Bu Ayrımcılıklara karşı 15 kişilik bir grup BMMYK önünde Afganistan’lı mültecilerin sorunlarını dikkat çekmek için sessiz protestosu başladı, ilerleyen günlerinde sayıları daha da arttı ve şu an farklı şehirlerden çok sayıda mülteci ve sığınmacı BMYKnın önünde eylem yapmaktadırlar.onlar “Biz de her insan gibi vatanımızı ve milletimizi seviyoruz. Mülteci olmayı kendimiz tercih etmedik. Maalesef ülkemiz 45 yıldır savaşlar ile tahrip oldu ve bu savaşlar vatanımızı terk etmeye zorladı. Bizler de özgürlüğü seviyoruz. Hak ve adaletin ne olduğunu iyi biliyoruz ve bu yüzden hakkımız olan adaleti istiyoruz”.diyorlar.

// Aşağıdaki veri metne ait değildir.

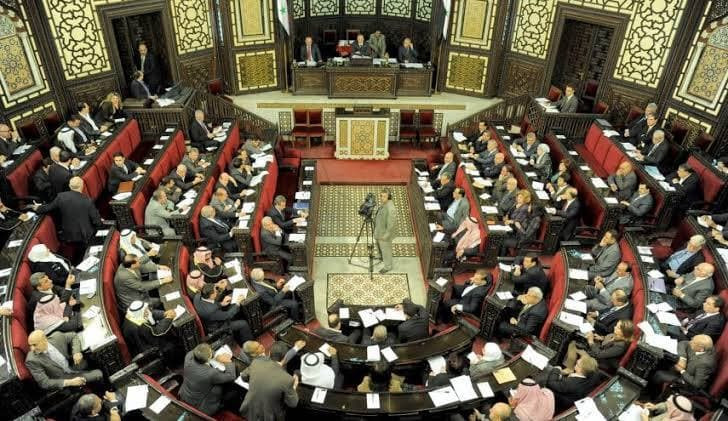 "برلمان" النظام يطالب برفع دعو...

“Biz BMMYK’nın yaptığı ayrımcılığı kabul edemiyoruz ve Türkiye’deki Afganistan’lı mülteciler olarak aşağıdaki taleplerimizi dikkatinize çekmek istiyoruz.;
1- BMMYK Afganistan’lı mültecilerin dosyalarını inceleyip, kabul statüsü verdikten sonra neden uzun dönem (7-9 yıl) Türkiye’de bekletiyor ve üçüncü, bir ülkeye yerleştirmiyor?
2- BMMYK, mülteciler ile çalışan kurumların adaletli davranmasından emin olması gerekiyor. Halbuki BMMYK’ya bağlı olarak çalışan kurumlar da ayrımcılık yapıp adaletsiz davranıyorlar.
3- Eğer BMMYK ayrımcılık yapmıyorsa neden başka ülkelerin mültecileri kayıt olup de sadece Afganistan’lı mülteciler için kapısını kapatmıştır ve neden Afganistan’lıların kaydı yapılmıyor?
4- BMMYK neden yeni gelen Afganistan’lı mülteciler için “askıya alma süreci” getirdi ? Halihazırda BMMYK tarafından kabul edilen bütün Afganistan’lı mültecilerin dosyaları neden askıya alındığını açıkladılar ve bu süreç neden 6 aydan 18 aya uzatıldı?.
BMMYK mültecilere sembolik bir telefon numarası veriyor ve her aradığımızda ne telefonumuzu açan ne de bizleri bilgilendirebilecek birisine ulaşamıyoruz.
Askıya alma dönemi hakkında da mantıklı bir cevap veremediler. Neden sadece Afganistan’lı mülteciler bu yöntemlerden etkileniyorlar? Çözüm olarak başka uygun bir yol yok muydu? veya Türkiye’deki bütün sığınmacılar için geçerli bir yol yokmu?
Biz sadece adalet istiyoruz. Türkiye’deki başka mültecilere nasıl davranılıyorsa, Afganistan’lı mülteciler de öyle davranılmasını beklemektedirler.
Şimdi BMMYK’nın acil bir şekilde Afganistan’lı sığınmacıların isteklerini dinleyip, uygun bir çözüm yolu bulmasını beklemekteyiz.
Türkiye’deki Afganistan’lı mülteciler, BMMYK ile çalışan mülteci haklarıyla ilgilenen kurum ve kuruluşlardan yardım beklemektedir. Siz bizim haklarımızı savunabilirsiniz, biz de insanız ve insanca davranılmayı beklemekteyiz.
Biz sorunlarımıza ilişkin olumlu değişikliklerin olmasını umuyoruz.